Chariots of Fire is one of those films, it seems, to have become fashionable to rave about. Maybe it’s just a thing in the Christian world, but I’m sure every other person I speak to about films says they love it.
I’ve never quite understood the hype, myself. It’s not a bad film, I quite enjoyed watching it and the story is interesting, but it’s not the kind of film I’m desperate to see over and over again – although I can’t deny that the theme tune is amazing.
However, the one part I do love, and come back to time after time, is when Eric Liddell, Scottish preacher and slightly reluctant Olympic sprinter, is legging it down the track. As he pounds away from the presumptuous Yanks who thought they would comfortably beat him, we hear his voice say:
“I believe God made me for a purpose. But He also made me fast. And when I run, I feel His pleasure.”
In the film, Liddell, son of missionaries in China, always intends to return there do God’s work, but he also wants to do a bit a running first, and sees no contradiction between the two.
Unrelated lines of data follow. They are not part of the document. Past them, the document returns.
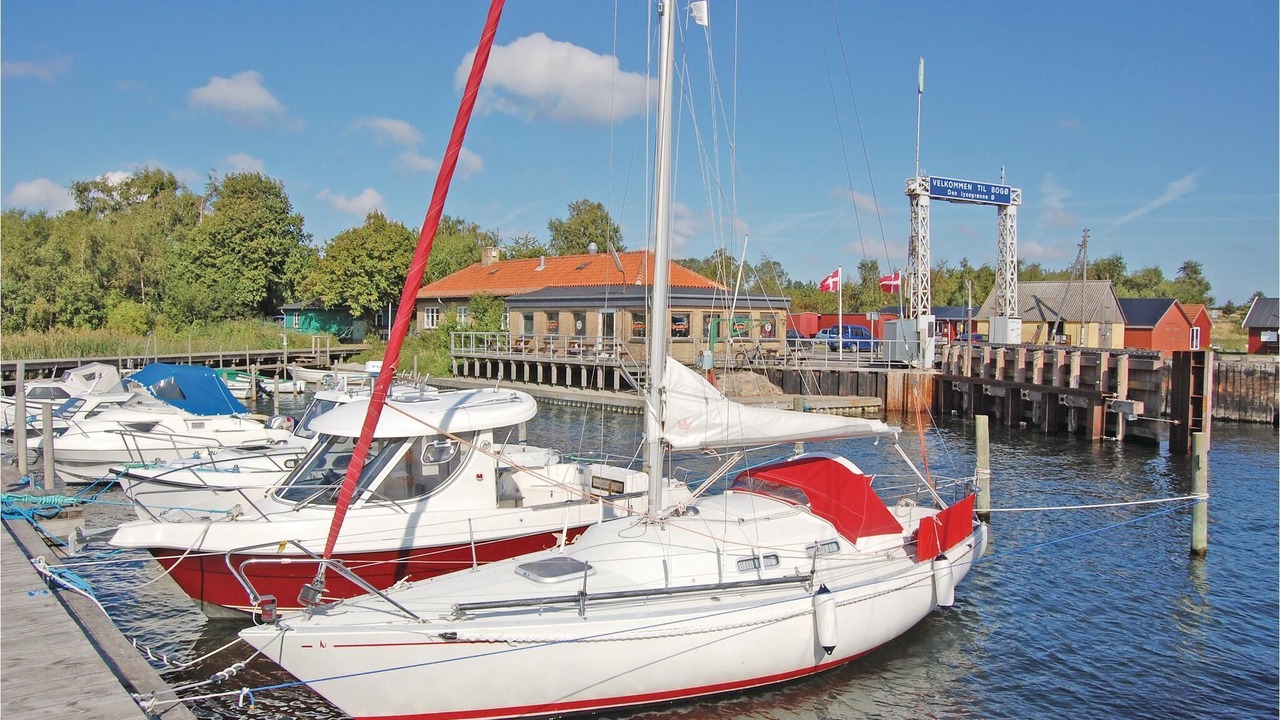 Photo of Others in Bog By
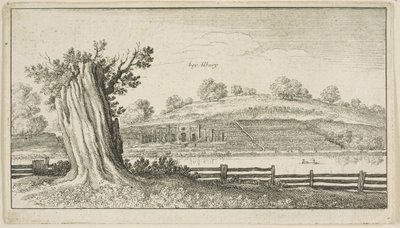 Albury com toco de árvore em primeiro plano de Wenceslaus Hollar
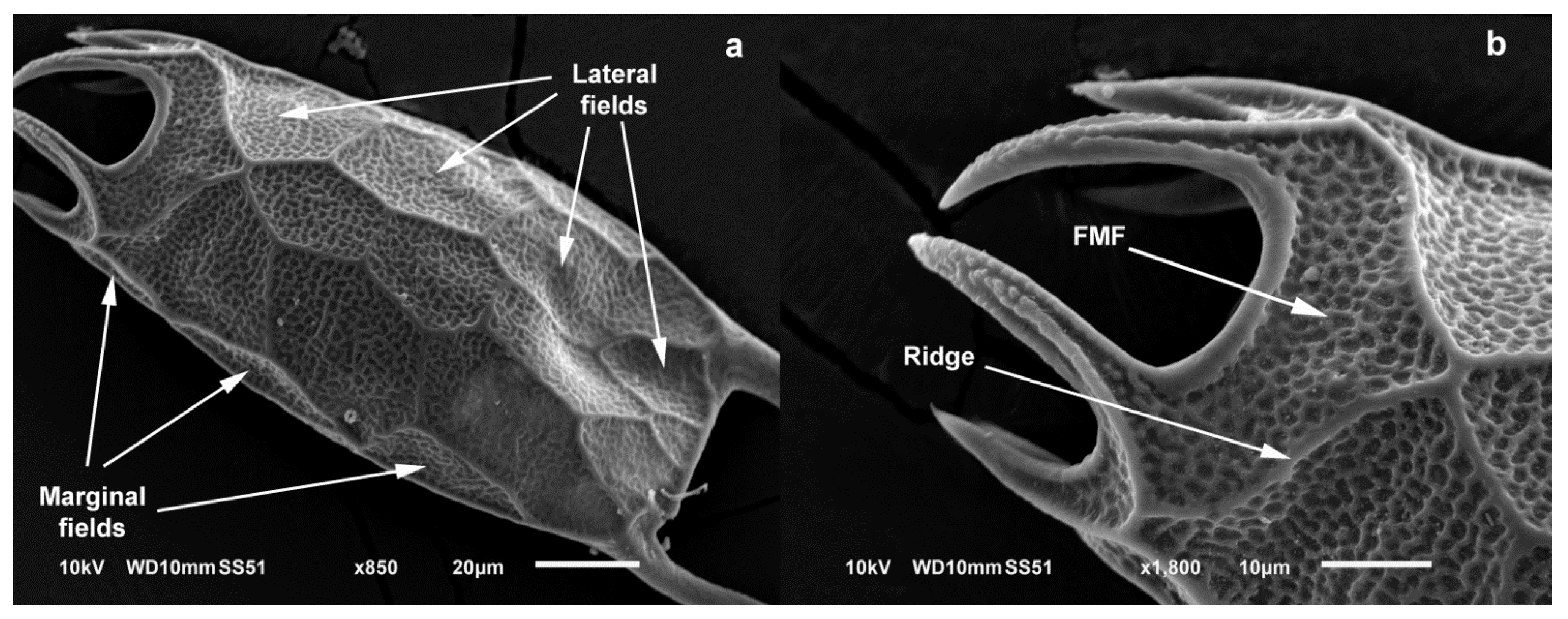 Diversity 13 00676 g009 Diversity 13 00676 g009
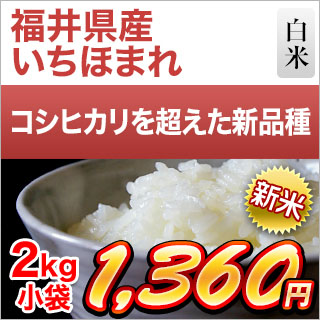 新米 令和5年(2023年)産 福井県産 いちほまれ 白米 2kg 特A評価獲得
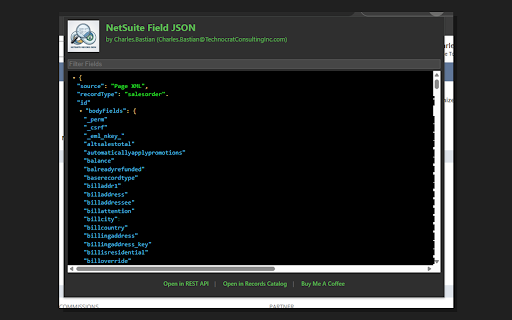 NetSuite Field JSON :: Examine NetSuite records as JSON using SuiteScript 2.1 when available, with page XML fallback.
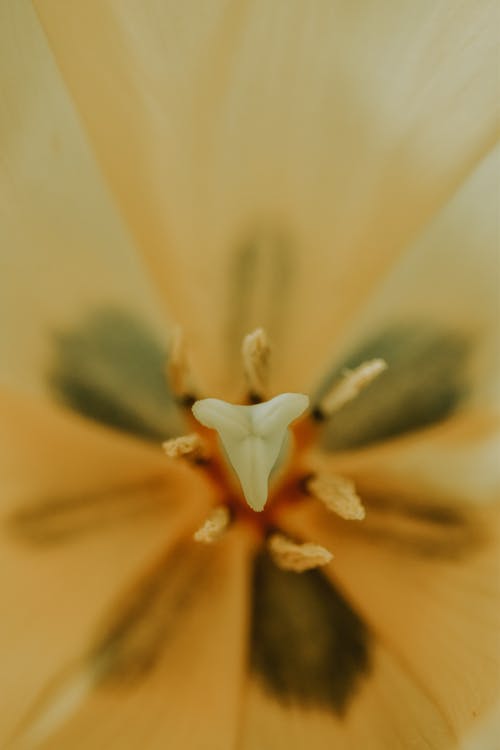 Yellow Flower in Close Up Photography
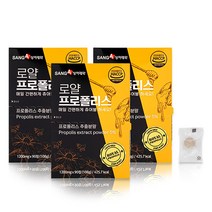 로얄 츄어블 프로폴리스 씹어먹는 캔디형 플라보노이드 환절기건강 구강건강 항균 항산화 성분 꿀벌 페퍼민트향 자일리톨 추출분말 목불편 온가족, 3박스, 1200mg 90정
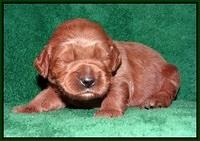 Dawn Dapper Dan pups 2 wks old 141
I’ve always found this a hugely encouraging idea — that we don’t have to be constantly doing ostensibly ‘Godly’ things to please our Heavenly Father. Sometimes it’s easy to believe that if we’re not working for a church, volunteering at a Christian charity, telling our friends about Jesus, or preparing for a Bible study we are somehow wasting our time; that when we spend our time doing things unconnected to church and faith God is a little bit disappointed. But, as Liddell says, this isn’t necessarily so.
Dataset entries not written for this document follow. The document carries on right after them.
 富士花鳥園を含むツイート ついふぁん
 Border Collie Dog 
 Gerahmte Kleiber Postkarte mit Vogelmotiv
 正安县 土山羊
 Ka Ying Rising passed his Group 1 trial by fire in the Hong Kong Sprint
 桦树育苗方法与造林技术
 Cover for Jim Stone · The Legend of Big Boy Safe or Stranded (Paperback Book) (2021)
As it turns out, I’m actually an appalling runner. When I was about 15, my school house were rooting around for someone who could run the 200 metres for them at the inter-house sports day. Despite my protestations, they insisted I go for a quick trial round the track. I completed the race in 37 seconds.
But while God almost certainly feels no pleasure in my running, I like to think He is more favourable about my cycling. Ever since I first started cycling to university six years ago on my Dad’s battered old bike, I’ve been hooked. There’s nothing quite like it, with the wind in your hair, whizzing down country lanes and through narrow city streets.
Of course, in a material sense, cycling doesn’t have anything to do with the kingdom of God. But isn’t it refreshing that our God isn’t just a cosmic task-master, always chivvying us along to do more, but enjoys it when we have fun?
Yes, there are times when it would be better to do more productive things than swan around on my bike, but, as Jesus told us, God is a good father who longs to give His children good gifts. And for me, one of those gifts is the ability to climb onto my bike and spend a few hours sweating up and down the hills of north London.
Cycling certainly isn’t the most important thing in life, but it’s fun, and I am convinced that’s not an accident, but part of God’s great design. And as the poster in a bicycle shop round the corner from my parents’ house says: “You can’t buy happiness, but you can buy a bike and that’s pretty close”.